*** Begin section ***

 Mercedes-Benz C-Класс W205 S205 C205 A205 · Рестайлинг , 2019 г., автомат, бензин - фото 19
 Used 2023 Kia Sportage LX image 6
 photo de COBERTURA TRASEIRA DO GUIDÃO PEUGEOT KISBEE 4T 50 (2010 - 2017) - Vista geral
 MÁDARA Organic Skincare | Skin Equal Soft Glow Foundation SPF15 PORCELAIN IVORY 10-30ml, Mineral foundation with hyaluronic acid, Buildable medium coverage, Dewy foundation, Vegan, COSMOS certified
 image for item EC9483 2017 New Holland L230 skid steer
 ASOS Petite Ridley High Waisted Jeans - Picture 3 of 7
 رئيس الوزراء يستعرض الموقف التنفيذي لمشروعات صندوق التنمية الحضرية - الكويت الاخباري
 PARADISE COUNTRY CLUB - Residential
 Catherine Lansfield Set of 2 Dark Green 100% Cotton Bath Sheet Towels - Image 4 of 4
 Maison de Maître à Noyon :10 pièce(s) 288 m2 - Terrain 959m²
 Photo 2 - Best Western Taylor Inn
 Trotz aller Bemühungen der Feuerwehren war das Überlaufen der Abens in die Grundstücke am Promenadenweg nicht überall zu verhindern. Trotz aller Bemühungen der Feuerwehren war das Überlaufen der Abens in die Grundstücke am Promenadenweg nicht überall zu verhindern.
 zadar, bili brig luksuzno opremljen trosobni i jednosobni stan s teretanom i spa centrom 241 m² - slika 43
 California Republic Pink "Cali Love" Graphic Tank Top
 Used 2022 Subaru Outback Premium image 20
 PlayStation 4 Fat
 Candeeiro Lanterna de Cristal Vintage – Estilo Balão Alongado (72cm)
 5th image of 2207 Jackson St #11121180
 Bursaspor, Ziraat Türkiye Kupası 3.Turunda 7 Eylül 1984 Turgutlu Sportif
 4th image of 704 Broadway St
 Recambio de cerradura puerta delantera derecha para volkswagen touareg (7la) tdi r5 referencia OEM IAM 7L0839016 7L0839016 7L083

*** End section ***

WHAT TO PRODUCE
Copy the records above exactly, beginning at the line that contains "photo de COBERTURA" and stopping after the line that contains "Bursaspor, Ziraat Türkiye".

FINAL ANSWER
 photo de COBERTURA TRASEIRA DO GUIDÃO PEUGEOT KISBEE 4T 50 (2010 - 2017) - Vista geral
 MÁDARA Organic Skincare | Skin Equal Soft Glow Foundation SPF15 PORCELAIN IVORY 10-30ml, Mineral foundation with hyaluronic acid, Buildable medium coverage, Dewy foundation, Vegan, COSMOS certified
 image for item EC9483 2017 New Holland L230 skid steer
 ASOS Petite Ridley High Waisted Jeans - Picture 3 of 7
 رئيس الوزراء يستعرض الموقف التنفيذي لمشروعات صندوق التنمية الحضرية - الكويت الاخباري
 PARADISE COUNTRY CLUB - Residential
 Catherine Lansfield Set of 2 Dark Green 100% Cotton Bath Sheet Towels - Image 4 of 4
 Maison de Maître à Noyon :10 pièce(s) 288 m2 - Terrain 959m²
 Photo 2 - Best Western Taylor Inn
 Trotz aller Bemühungen der Feuerwehren war das Überlaufen der Abens in die Grundstücke am Promenadenweg nicht überall zu verhindern. Trotz aller Bemühungen der Feuerwehren war das Überlaufen der Abens in die Grundstücke am Promenadenweg nicht überall zu verhindern.
 zadar, bili brig luksuzno opremljen trosobni i jednosobni stan s teretanom i spa centrom 241 m² - slika 43
 California Republic Pink "Cali Love" Graphic Tank Top
 Used 2022 Subaru Outback Premium image 20
 PlayStation 4 Fat
 Candeeiro Lanterna de Cristal Vintage – Estilo Balão Alongado (72cm)
 5th image of 2207 Jackson St #11121180
 Bursaspor, Ziraat Türkiye Kupası 3.Turunda 7 Eylül 1984 Turgutlu Sportif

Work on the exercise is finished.